I believe they are in the states as well for our fellow US soapers.


----------



## robtr31 (Jul 17, 2013)

are they located in Ontario , how was shipping costs or did u pickup thanks


----------



## 100%Natural (Jul 17, 2013)

They are in Toronto, but could be elsewhere. I arranged for my own shipping through Fedex.  The shipping cost was $26.00 including tax and labels - I live in Ontario.  I've been emailing back and forth with the owner about shipping options so I will be interested to see if he can help us cut that cost.

Even with shipping costs, it's still less than what I was paying previously and add in the no tax and I've cut my costs already.

A bonus to their CO I've noticed is that the soda ash I was getting has all but disappeared and the batter is super smooth compared to other suppliers CO being grainy at times.  No white crust (stearic) on the CO either which was a problem I was having with my previous supplier.  

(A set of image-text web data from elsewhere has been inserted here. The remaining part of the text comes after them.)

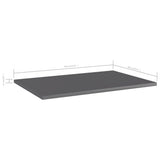 Bookshelf Boards 8 pcs High Gloss Grey 60x40x1.5 cm Engineered Wood 805265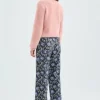 Pantalón largo recto con estampado floral-COMPAÑIAFANTASTICA Clearance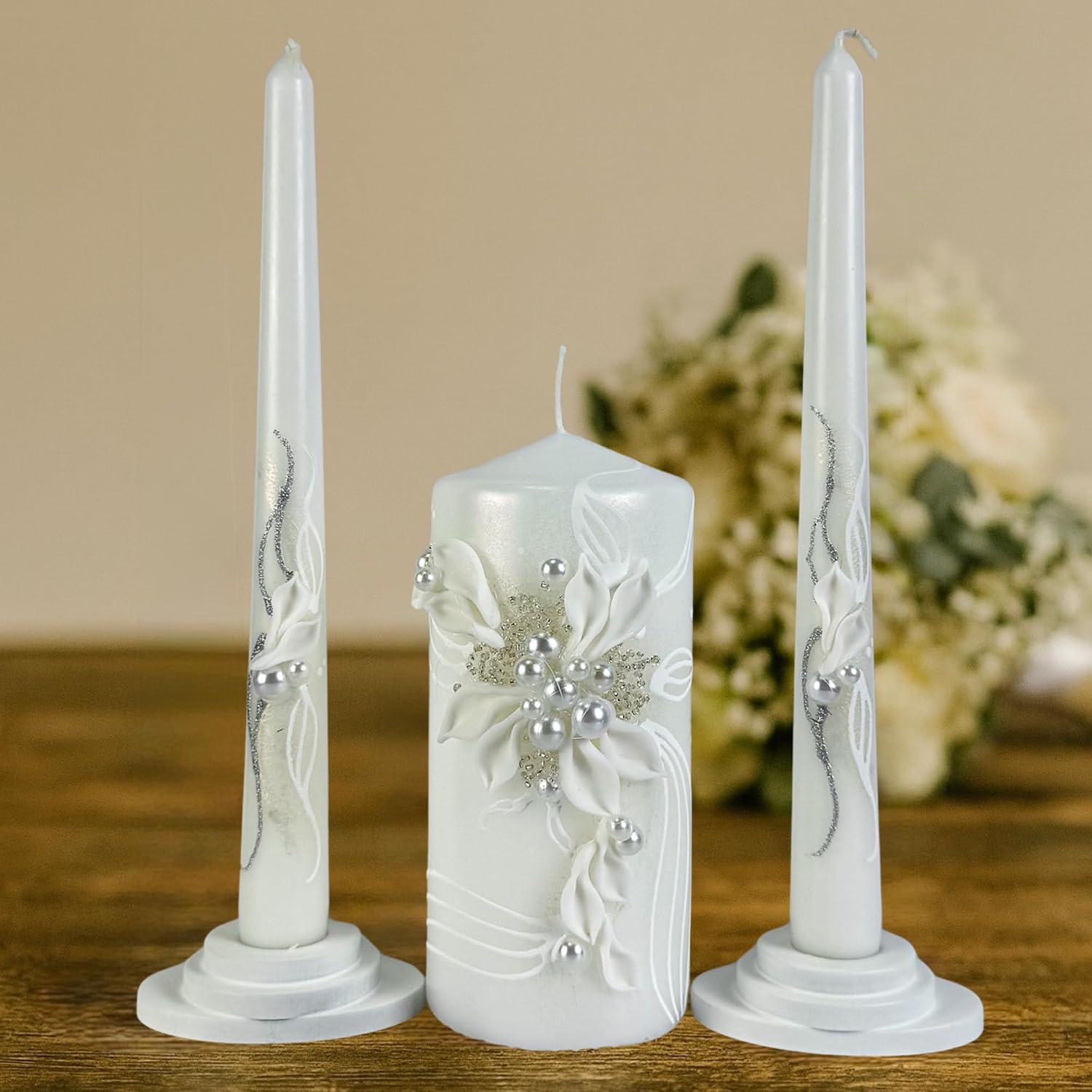 Unity Candle Set - Wedding Ceremony & Reception – 6” Pillar & Two 10” Taper Candles – Long Burning Unity Candles for Marriage Ritual – Handmade in USA – Royal White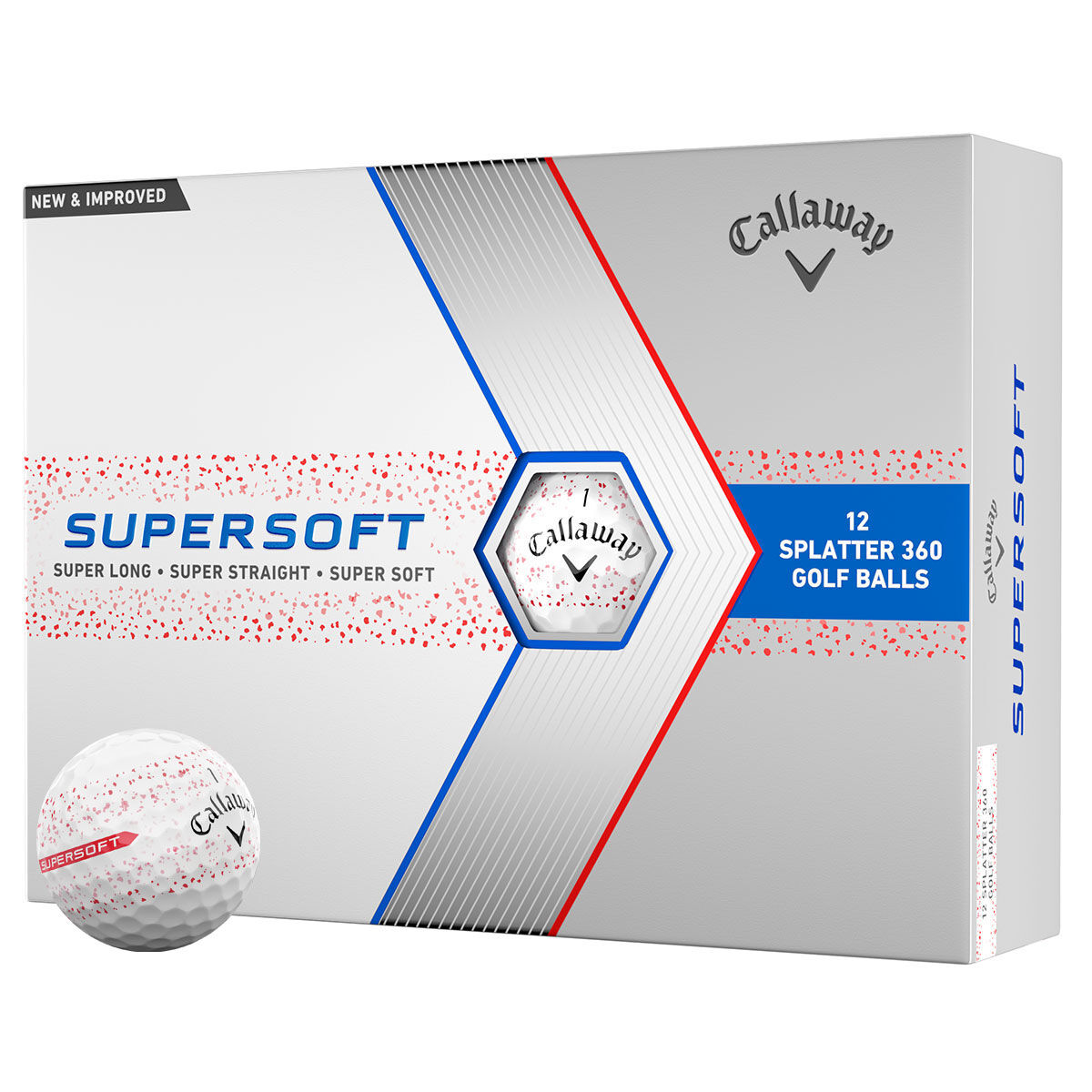 Callaway Golf Supersoft Splatter 12 Golf Ball Pack, Mens, Red splatter | American Golf von Callaway Golf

I'm impressed with the quality and their service and communication has been outstanding.


----------



## HerbalEarthling (Jul 17, 2013)

Hey I was looking at their website and it's kind of a mess but I am in the search for a cheaper coconut oil.  I have been getting mine from Essential Depot and right now, 2 gallons (~15lbs) for around $54 with 1 pound of cocoa butter free (it's a special right now, they arrive broken up a bit which is why I think they are on special).  I don't really like the quality of the coconut oil as it really doesn't have much of a smell to it.  Maybe it's fractionated?  Anywho, I would really love to find cheaper coconut oil than what I'm paying now, but the website has me taken back a bit.  Go for it?


----------



## 100%Natural (Jul 17, 2013)

If you're looking for CO to have a coconut smell in soaping, you likely won't find it and even if you did, the scent would not survive saponification.  CO for soaping is RBD which doesn't have a scent to it.  I would definitely go for it because you'd be hard pressed to find a better deal on a high quality CO.

Once you get around the website, they will email you information and payment options.

A better website would definitely be great, but it was worth the extra step or two to get it.


----------



## dagmar88 (Jul 17, 2013)

HerbalEarthling said:


> I don't really like the quality of the coconut oil as it really doesn't have much of a smell to it.  Maybe it's fractionated?




Refined. Fractionated is liquid at room temp.


----------



## judymoody (Jul 17, 2013)

HerbalEarthling said:


> Hey I was looking at their website and it's kind of a mess but I am in the search for a cheaper coconut oil.  I have been getting mine from Essential Depot and right now, 2 gallons (~15lbs) for around $54 with 1 pound of cocoa butter free (it's a special right now, they arrive broken up a bit which is why I think they are on special).  I don't really like the quality of the coconut oil as it really doesn't have much of a smell to it.  Maybe it's fractionated?  Anywho, I would really love to find cheaper coconut oil than what I'm paying now, but the website has me taken back a bit.  Go for it?



You can do better at Soapers' Choice.  A gallon of CO is $13.  3 gallons plus shipping (I put in my old Baltimore zip code) comes to $53.68.

As was said earlier, only virgin CO will have a scent and the lye will kill it.


----------



## bodhi (Jul 17, 2013)

Too bad.  I was sooo hoping for a cheaper non rbd coconut but alas i dont think that will ever happen.  Very impressive that they put it right out there that it is rbd.  That rarely happens so kudos to them.


----------